Naive implementation
#include <cstdint>
template<typename T>
int lsb(T const x){
for(uint8_t i = 0; i < sizeof(T) * 8; ++i)
if (x & (1 << i) )
return i;
return 0;
}
It is naive, but note this is portable and works for all unsigned types.
However performance of this function is O(n). We sure can do better. Can we?
Pre-computed table
We could do pre-computed lookup table and check from there.For 32bit integers table must be 4GB in size. Not very practical. Because of that we can do it byte by byte:
#include <cstdint>
struct Lookup8{
constexpr Lookup8(){
for(uint8_t i = 0; i < 0xFF; ++i)
data[i] = calc(i);
}
constexpr uint8_t operator[](uint8_t const x) const{
return data[x];
}
private:
constexpr static uint8_t calc(uint8_t const x){
for(uint8_t i = 0; i < 8; ++i)
if (x & (1 << i) )
return i;
return 0;
}
private:
uint8_t data[0xFF] = {};
};
constexpr Lookup8 l8;
template<typename T>
int lsb(T const x){
int j = 0;
for(uint8_t i = 0; i < sizeof(T); ++i){
uint8_t const byte = ( x >> j ) & 0xFF;
if (byte)
return l8[byte] + j;
j += 8;
}
return 0;
}
This is great, but there should be better solution? ...and after some google-ing it is this...
Log2 + bitmask
#include <cstdint>
int log2(uint64_t const x);
constexpr uint64_t lsb_(uint64_t const x){
return x & ( ~x + 1 );
}
constexpr int lsb(uint64_t const x){
return log2(lsb_(x));
}
Wow! That's really short.
...But is log2() O(1) ?
It turns out it is a way to do it in O(1). Algorithm uses something called deBruijn sequence.
De Bruijn sequence
#include <cstdint>
constexpr int log2(uint64_t n){
constexpr uint8_t tab64[64] = {
0, 58, 1, 59, 47, 53, 2, 60,
39, 48, 27, 54, 33, 42, 3, 61,
51, 37, 40, 49, 18, 28, 20, 55,
30, 34, 11, 43, 14, 22, 4, 62,
57, 46, 52, 38, 26, 32, 41, 50,
36, 17, 19, 29, 10, 13, 21, 56,
45, 25, 31, 35, 16, 9, 12, 44,
24, 15, 8, 23, 7, 6, 5, 63
};
n |= n >> 1;
n |= n >> 2;
n |= n >> 4;
n |= n >> 8;
n |= n >> 16;
n |= n >> 32;
auto const pos = (n * 0x03F6EAF2CD271461) >> 58;
return tab64[pos];
}
constexpr int log2(uint32_t n){
constexpr uint8_t tab32[32] = {
0, 9, 1, 10, 13, 21, 2, 29,
11, 14, 16, 18, 22, 25, 3, 30,
8, 12, 20, 28, 15, 17, 24, 7,
19, 27, 23, 6, 26, 5, 4, 31
};
n |= n >> 1;
n |= n >> 2;
n |= n >> 4;
n |= n >> 8;
n |= n >> 16;
auto const pos = (n * 0x07C4ACDD ) >> 27;
return tab32[pos];
}
template<typename T>
constexpr T lsb_(T const x){
return x & ( ~x + 1 );
}
template<typename T>
constexpr int lsb(T const x){
return log2(lsb_(x));
}
Wait? The code complexity is not O(1) !If you look at "n |= n >> 1", this is nothing else but unrolled loop.

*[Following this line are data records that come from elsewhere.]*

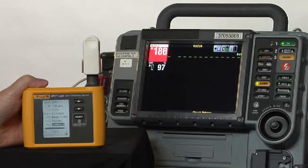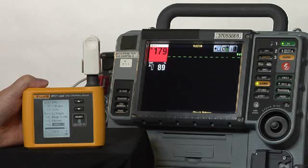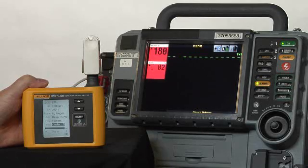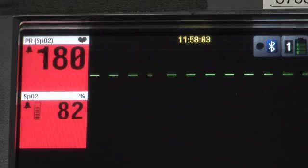You can see it sets off the high-limit alarms, which is exactly what we want it to do. We'll watch till the oximeter reading and the heart rate settle.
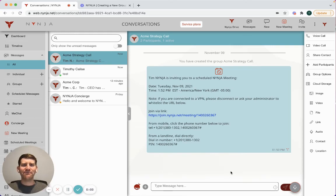Hi, this is Tim from Ninja. I wanted to take a minute and show you some of the great functionality around Ninja meetings.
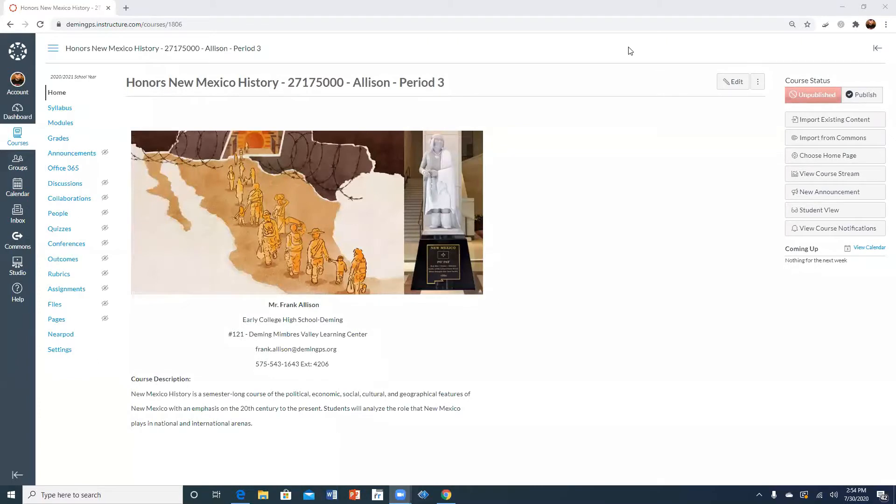Hello, this is Mr. Allison with How to Use Canvas Teacher Edition and today I'm going to show you how to set up your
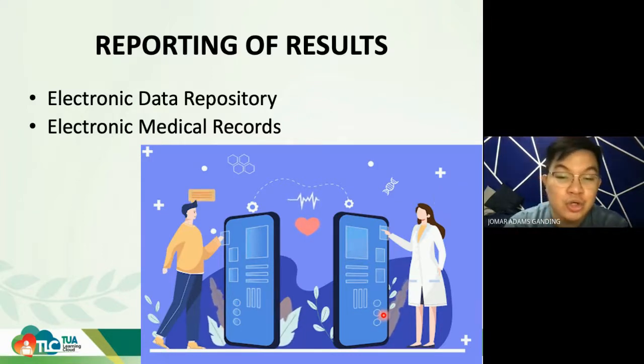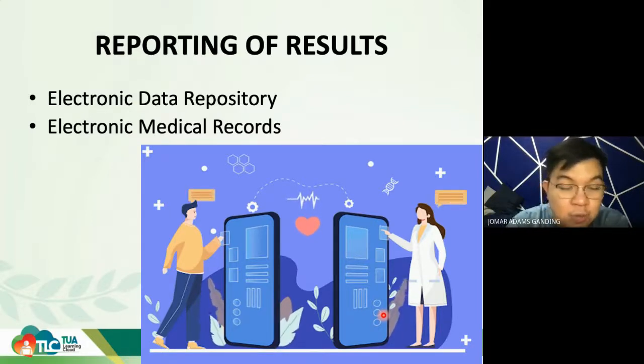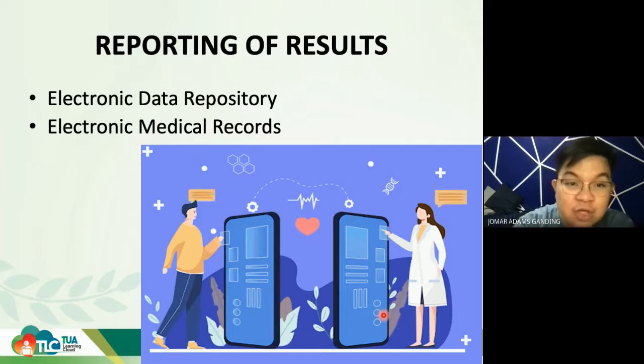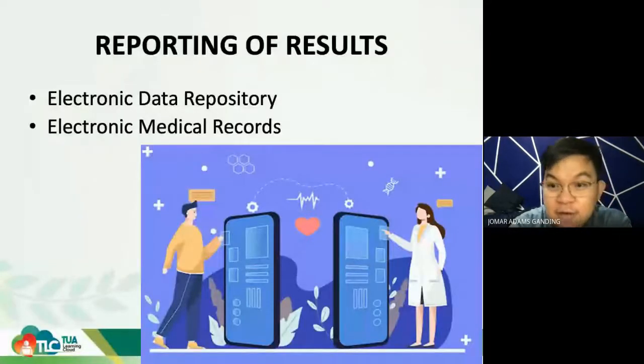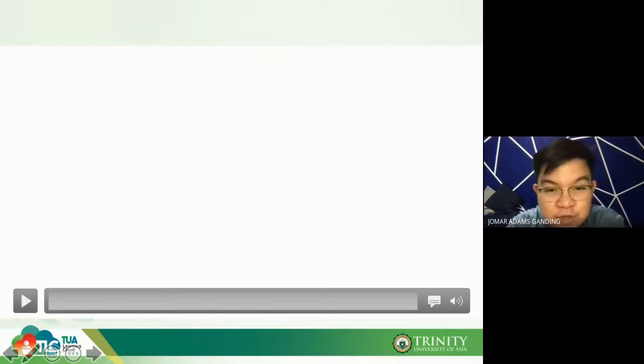Now I'll show you a video of how beautiful a fully automated laboratory looks — from receiving the sample all the way to releasing the results — so you can see the automation at work.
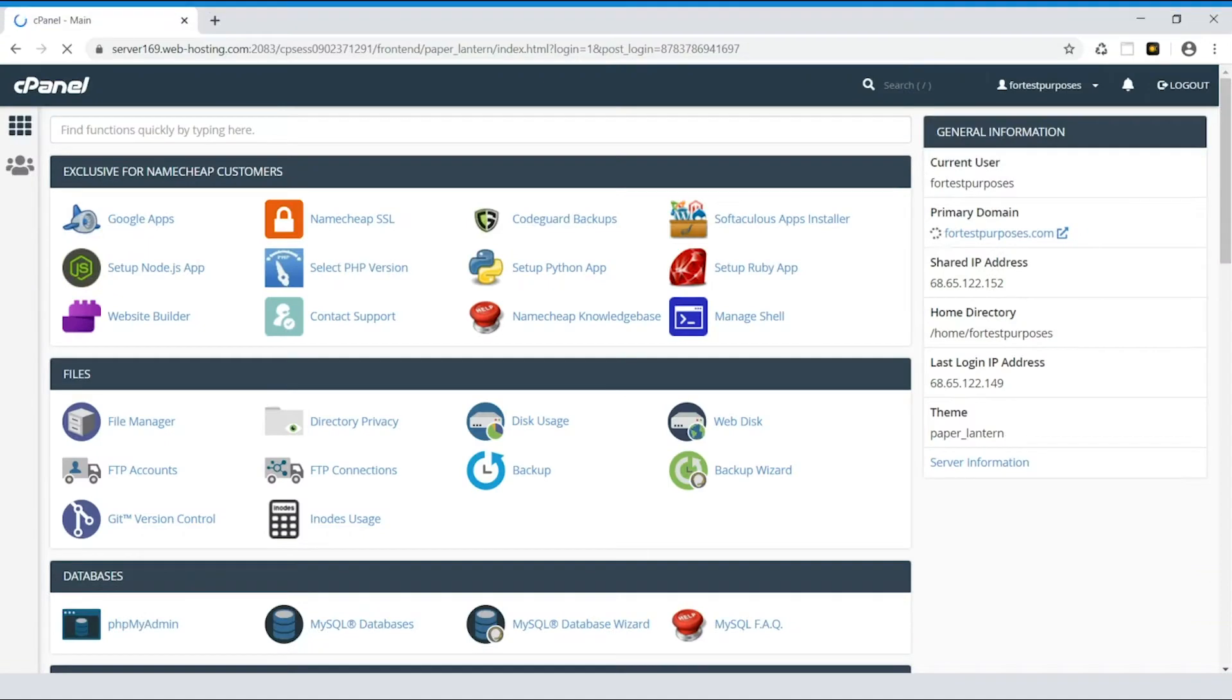Today we're going to show you how to edit files using the cPanel File Manager tool. Just log in to cPanel and select File Manager in the File section.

Complexity is at best O(log(n)).
Time for testing
For testing I used something like this code:#include <cstdint>
int main(){
int x = 0;
for(uint64_t i = 0; i <= 100000000; ++i)
x += lsb(i);
std::cout << x << '\n';
}
Then I start it with time. Here are the results: Naive | 0.452 sec
Lookup | 0.550 sec
De Bruijn | 2.394 sec
De Bruijn solution is slowest.Naive solution is fastest.
Bonus
- GCC have non standard function ffs() defined in "string.h" / "cstring".
- Linux have similar function defined somewhere too.